Vários líderes europeus fizeram hoje menção à busca de uma solução aos problemas da dívida da Grécia, para impedir que a crise se estenda a outros países, como Itália e Espanha.

"Hoje, mais que nunca, precisamos de uma resposta europeia da Zona Euro", disse o presidente do governo espanhol, José Luís Rodríguez Zapatero, em uma entrevista coletiva dada em Madri.

Zapatero pediu aos principais responsáveis da União Europeia que se encontre uma solução rápida e precisa para evitar o contágio da crise, que, na opinião de especialistas, poria em perigo a união monetária.

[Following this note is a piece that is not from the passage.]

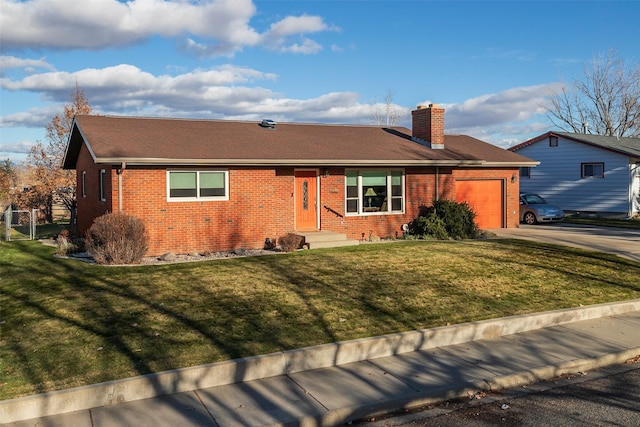 single story home with a front yard and a garage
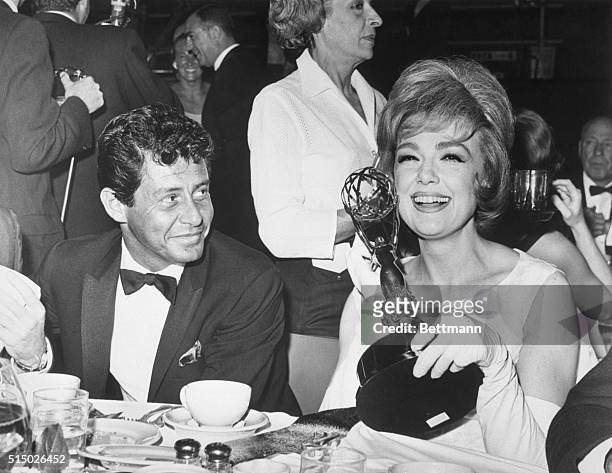 Hollywood: Singer Eddie Fisher glances approvingly at his escort, actress-comedian Edie Adams, as she holds the Emmy awarded her late husband, Ernie...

A eurozona aprovou na semana passada um segundo plano de resgate para salvar Atenas da falência, mas o programa se encontra estancado, diante da ausência de um acordo para que os bancos e as empresas seguradoras paguem a parte da fatura da dívida grega.

A esta situação foi somada, na sexta-feira, a queda das bolsas na Itália, elevando os rumores de que o país possa sofrer também as turbulências financeiras.

Em uma tentativa de acalmar os ânimos, especialistas consideraram que a Itália "não corre" os mesmos riscos que Grécia, Portugal ou a Irlanda, porque a economica italiana pesa, por si só, mais que o dobro da dos três países resgatados. Entretanto, disseram que a situação pode ser considerada como "séria".